多大な功績を残した
鈴木修氏の逝去
昨年12月27日、ゴルフの打ち納めの帰りの車中で、同乗者から「オサムさんが亡くなったという速報が入りましたよ」と聞かされた。
「えー、まさか?」。鈴木修スズキ相談役の訃報を知らされた直後の筆者からは、思わずそんな言葉が漏れた。スズキから発表された訃報を確認する。「弊社相談役鈴木修が2024年12月25日に逝去いたしました」。
享年94歳、一般的にいえば「大往生」だが、修さんの口癖だった「オレの歳は“7掛け”だ」を思うと、まだまだ長生きすると信じていただけに残念至極の思いでいっぱいだ。

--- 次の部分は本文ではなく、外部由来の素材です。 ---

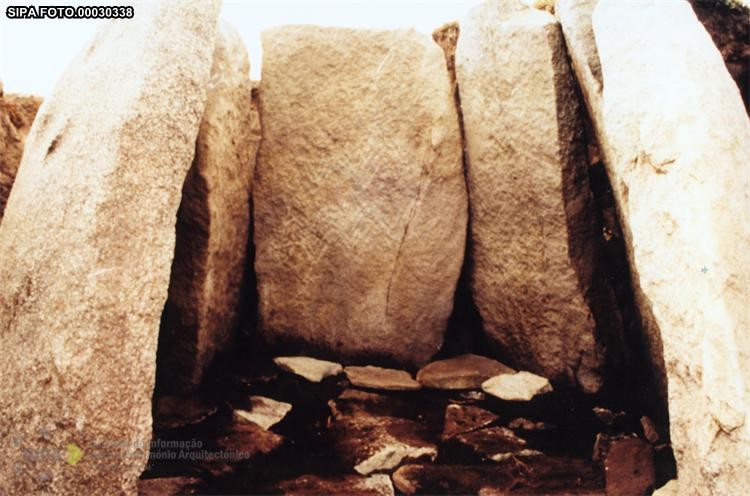 823 b dolmen mamoa e.jpg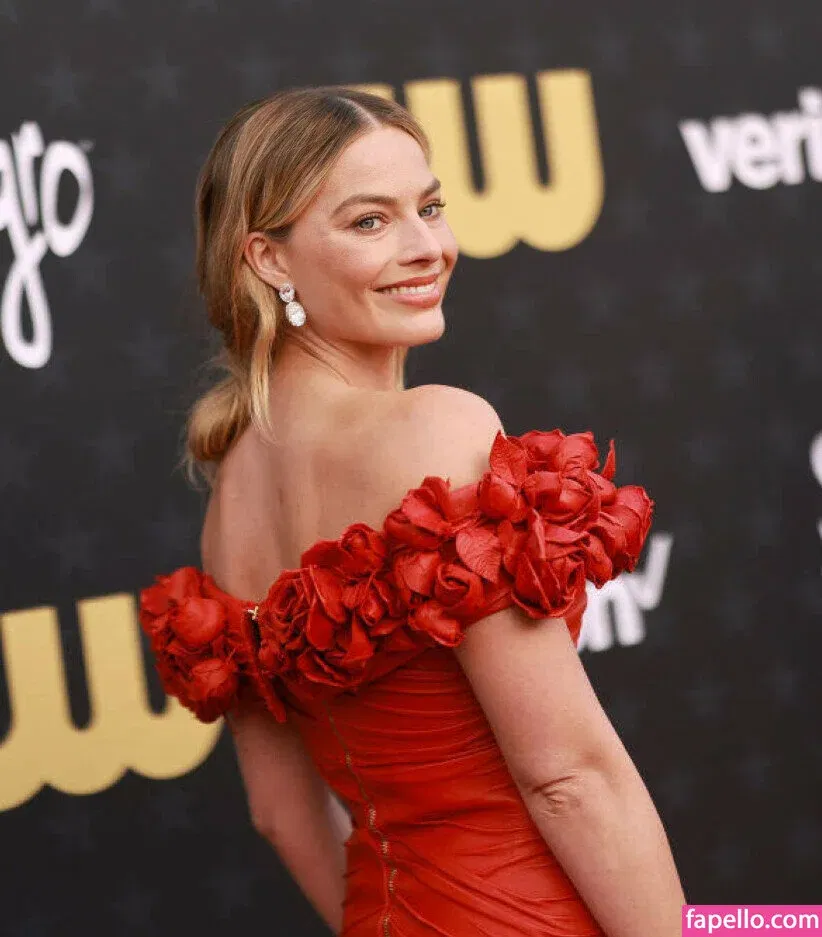 Margot Robbie Onlyfans Photo Gallery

「鈴木修氏の追悼」は、年末から年始にかけてさまざまなメディアや関係者から数多く寄せられたが、鈴木修という「経営者」を最も長く取材し、かつその人間性にほれ込んでリスペクトしていたのは筆者だと自負する。それこそ、鈴木修氏がスズキ(当時の鈴木自動車工業)社長に就任する以前、東京支店駐在の常務・専務時代からの付き合いだ。数多くのインタビューをしたし、取材以外でもお付き合い願ってきた。
21年6月のスズキ株主総会にて鈴木修氏がスズキ会長を引いて相談役になる際には、その直前にスズキの浜松本社で、スズキ会長として最後となるインタビューのインタビュアーとなる栄誉にも浴した。
このインタビューでは、さすがの修さんも91歳と卒寿を超えており、「修節」と呼ばれた滑らかで頓知の利いたしゃべりは、全盛期と比べてゆっくりと口が重くなっていた。だが、しゃべり方は遅くなったものの、いつものように赤ペンを持ちながら対話をし、相変わらず数字に強く、記憶力も確かさを感じさせるものだった。
この時の、スズキ会長としての最後の取材のテーマは、スズキ経営者としての原点である初代アルトの誕生秘話を中心に、鈴木修流経営の本質に迫るものだった。